The movie's writer Mark Stay writes the book, so that's super helpful, novelization-wise. No kidding, as I read the book I had the thought, "This would make a great movie." In other words, my short-term memory rewarded me greatly.
The story involves robots taking over and humans not being allowed outside. The robots have some ground rules, as powerful conquerors are known to do. Unique among them is they tell the humans they're only going to be here for a little while, then they'll pack up their stuff and get out.
Naturally, the humans don't quite believe them, even though they have a PR-friendly tagline that says "Robots Never Lie."
Hijinks ensue with scrappy humans aiming to take back their planet.
Scrappy humans vs. robots is a classic sci-fi setup, and it's classic because it works.
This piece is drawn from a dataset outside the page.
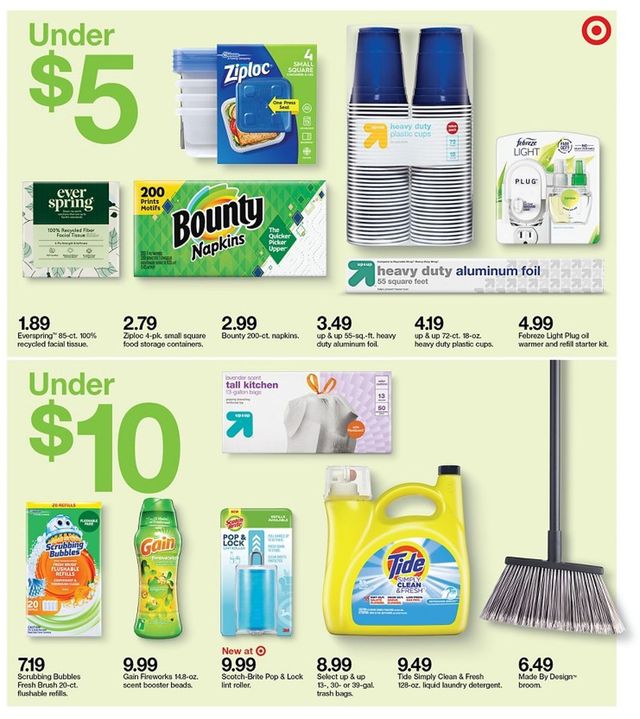 Target Ad from 05/23/2021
In this case, it works well, with no excessive techno-babble, no hand-wringing melodrama. The robots need to be fought, and the humans take care of that requirement.
This one has plenty of heroic action, robot fightin' and stuff blowin' up. It's a very satisfying construction.
Vessel by Lisa Cresswell
First up, one character is named Bane, so I read all Bane's dialogue in the voice of Bane from Dark Knight Rises. I couldn't help it, and I loved it.
This one is about a girl in a post-supernova Earth, where, as you might imagine, things aren't going well. Lisa Cresswell portrays the emotional stakes of the book's heroes amid a tense adventure. The ending is stunning, but not in an M. Night Shyamalan kind of way. It's stunning because for awhile, it's easy to forget the book is an SF story. But, well, the end of the book fixes that.
The key to the story's success is the hero. Her harrowing journey is worth a look.
Dark Orbit by Carolyn Ives Gilman
It’s been a long time since I’ve seen science fiction about exploring. Dark Orbit is about explorers of a planet whose inhabitants have a unique vocabulary and psionic perception. This kind of SF story I, and many fans grew up on. The writer digs into the science with a zeal usually reserved in sci-fi books for blaster muzzle-load distribution.
Here’s part of a discussion in the book: “Is it possible to be pure consciousness?”
Here’s another one: “It’s as if dimensionality itself underwent a reorganization.”
Those are the kinds of things Dark Orbit discusses.
And on top of that, it has a murder mystery. The book is 300 pages, but you get a brain-full of SF goodness.
A secret military space program. What could go wrong?
Author Mike Jenne is a pilot, Army Ranger and a former Special Forces officer. He takes advantage of his real-life experiences here, and it's so obviously a step above most stories of this kind. These details are things you can't find from research.
More than that, Jenne creates real people. Engineer Scott Ourecky is in the middle of the Cold War and gets in over his head. The story re-creates 1968, with all the tension of that era. This story is thick with depth and details, really bad guys and patriotic good guys. Read it while at a July 4 barbecue (any day the rest of the year is fine, too.)